Black recomends replacing lxml with defusedxml
CommanderStorm opened this issue · 4 comments
event though we kind of trust the stuwerk, it is better to be save than sorry
Issue: [B410:blacklist] Using html to parse untrusted XML data is known to be vulnerable to XML attacks. Replace html with the equivalent defusedxml package.
Severity: Low Confidence: High
Location: src/menu_parser.py:19
More Info: https://bandit.readthedocs.io/en/latest/blacklists/blacklist_imports.html#b410-import-lxml
18 import requests
19 from lxml import html
Is this still relevant?
I looked into it a bit, and noticed, that the lxml package of defusedxml (as recommended in the comment) is deprecated. https://pypi.org/project/defusedxml/#defusedxml-lxml
So as far as I see it, a replacement would require to rewrite the parser?
Or is there another option?
tiran/defusedxml#38 states, that the package is no longer nessesary, but will be availibele until a real fix is found, so probably still worth to keep subscribed on this issue.

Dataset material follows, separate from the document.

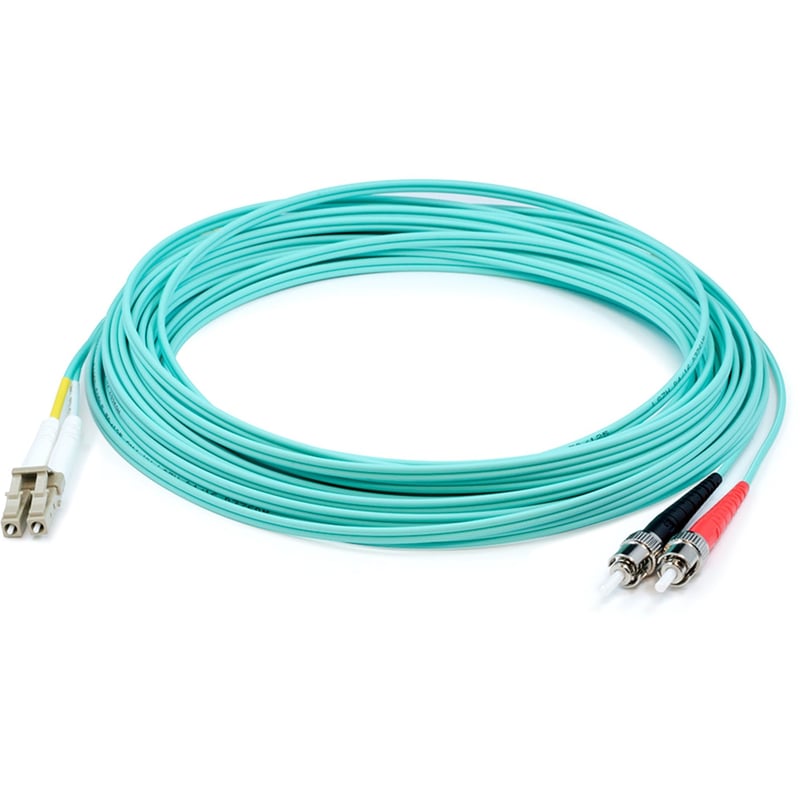 AddOn 15m ST to LC Aqua OM4 Duplex OFNP (Plenum-Rated) Fiber Patch Cable - Thumbnail 1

the lxml-FAQ has some recomendations, on how to avert the size/compute-blowup vulnerabilities, but does not seem to specific on how to secure the html parsing ability we use from this library.
https://lxml.de/FAQ.html#how-do-i-use-lxml-safely-as-a-web-service-endpoint
I have not researched, if the html parsing of lxml is also vulnerable to these kinds of attacks.
May be fixed now? lxml is apparently safe
Good catch, thanks 👍